■ Required work: Please write out only the lines from the one containing "4 Vintage Theodore" through the last line of the listing. Do not include pictures.

■ Dataset records:

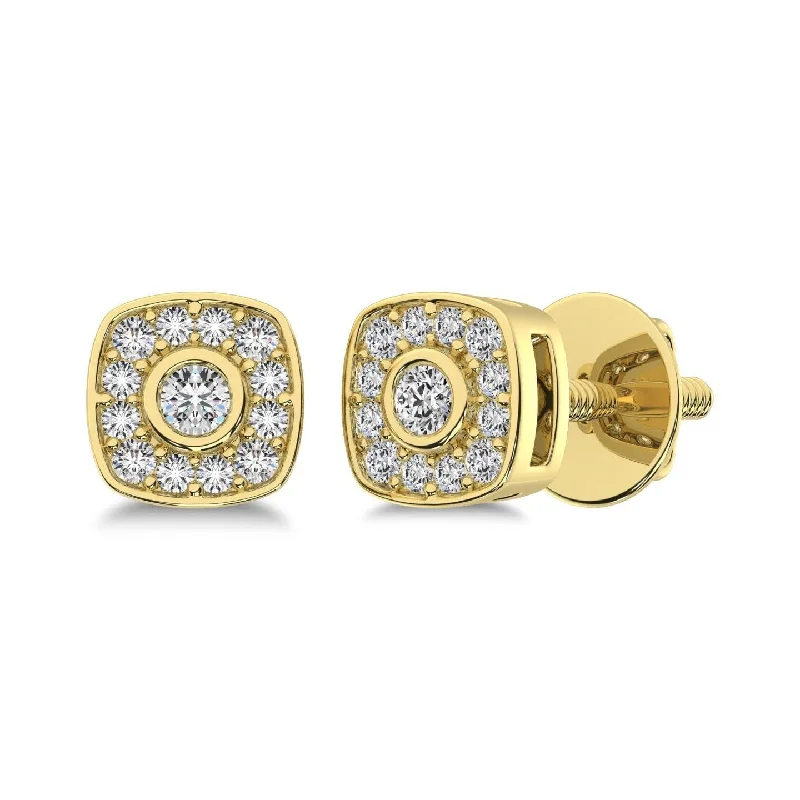Upgrade Your Jewelry Collection For Less 10K Yellow Gold 1/5 Ct.Tw. Diamond Square Shape Stud Earrings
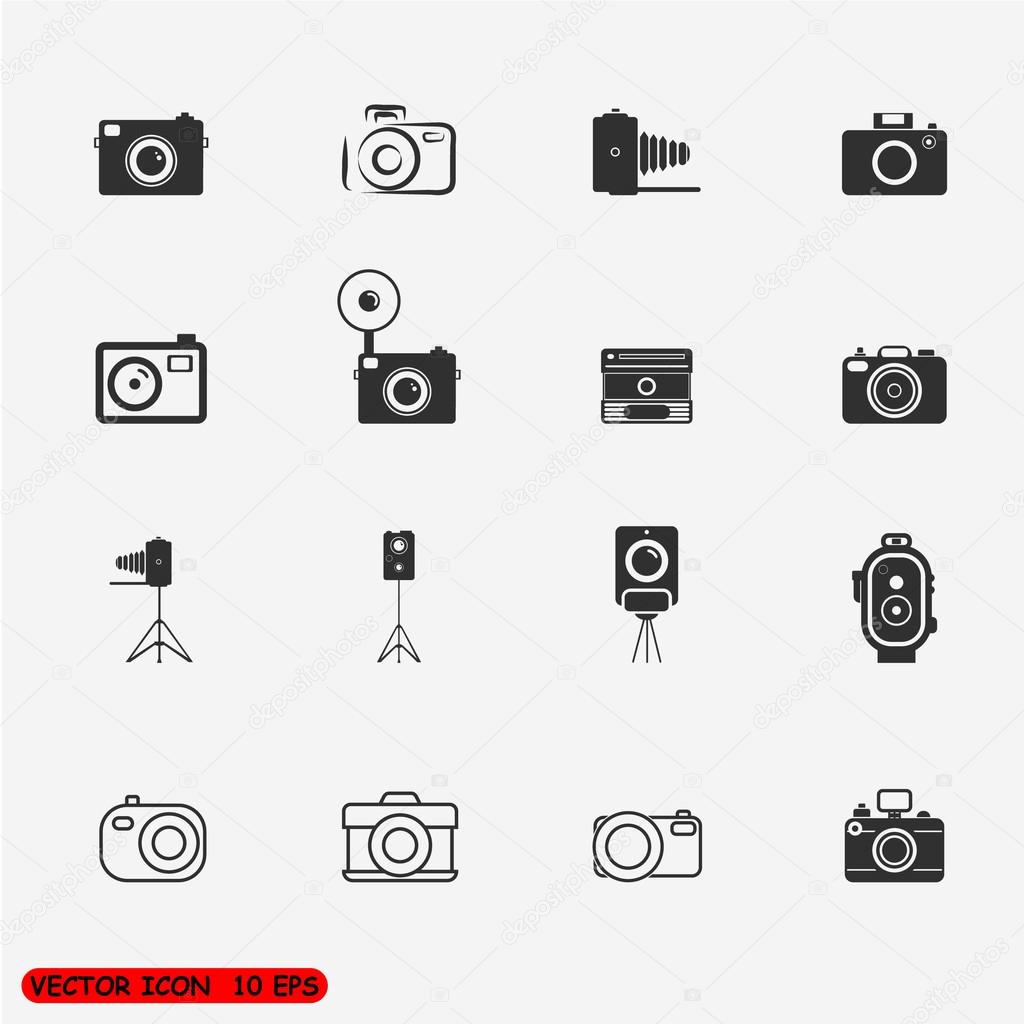 Camera vector icons set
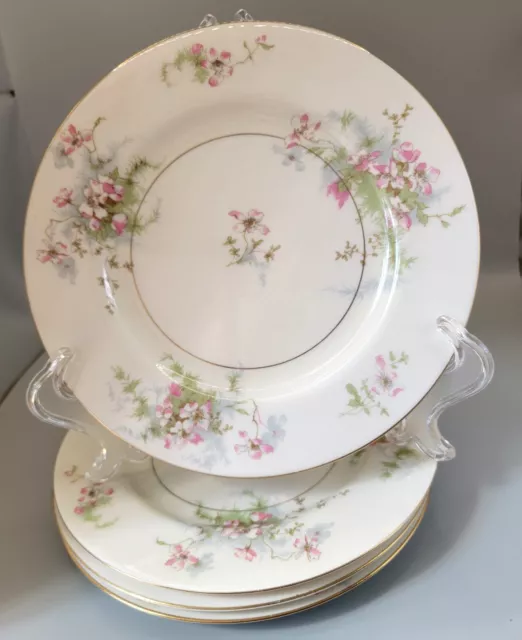 4 Vintage Theodore Haviland Apple Blossom 7 1/2" Salad Plates Pink Roses Euc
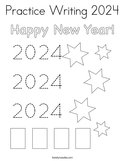 Practice Writing 2024 Coloring Page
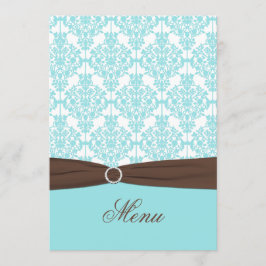Aqua Blue, Bruin, Wit Damask Menu Kaart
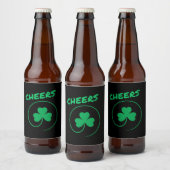 Cheers, Clover, Shamrock, Irish Green, St Patricks Bier Etiket (Flessen)
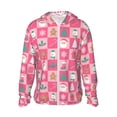 thumbnail image 1 of Fotbe Pink Christmas Cheer Chaqueta con Protección Solar UPF 50+ para Hombre y Mujer, Camisa con Capucha y Bolsillos-Small, 1 of 7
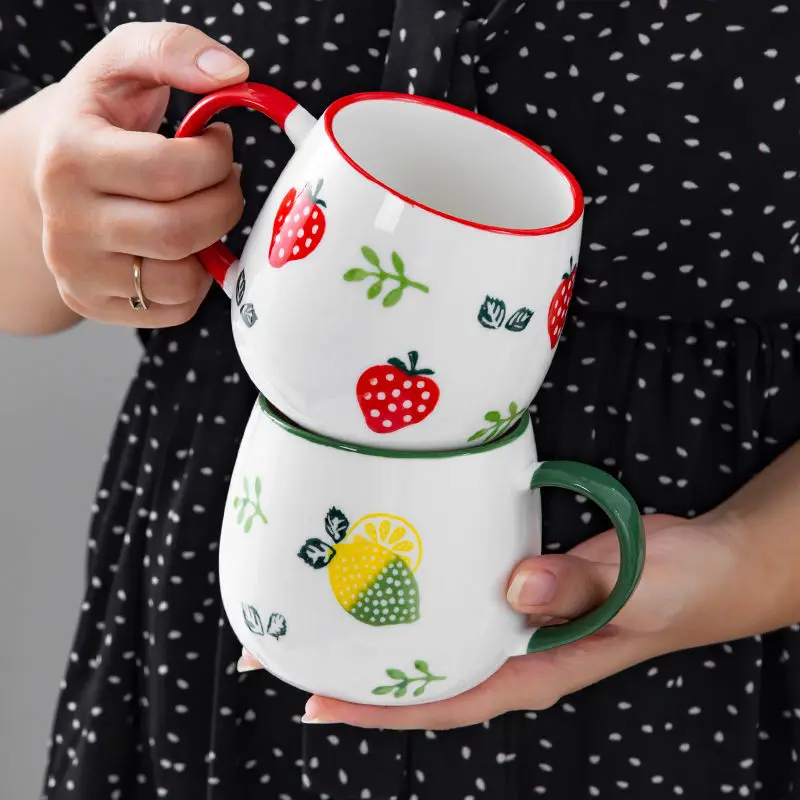 

Vintage Coffee Mug Unique Japanese Retro Style Ceramic Cups, 400ml Hand painted fruit Breakfast Cup Creative Gift for Friends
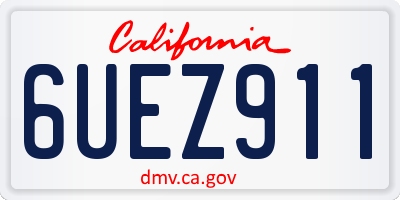 CA license plate 6UEZ911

■ Result of this task:
 4 Vintage Theodore Haviland Apple Blossom 7 1/2" Salad Plates Pink Roses Euc
 Practice Writing 2024 Coloring Page
Aqua Blue, Bruin, Wit Damask Menu Kaart
 Cheers, Clover, Shamrock, Irish Green, St Patricks Bier Etiket (Flessen)
 thumbnail image 1 of Fotbe Pink Christmas Cheer Chaqueta con Protección Solar UPF 50+ para Hombre y Mujer, Camisa con Capucha y Bolsillos-Small, 1 of 7

Vintage Coffee Mug Unique Japanese Retro Style Ceramic Cups, 400ml Hand painted fruit Breakfast Cup Creative Gift for Friends
 CA license plate 6UEZ911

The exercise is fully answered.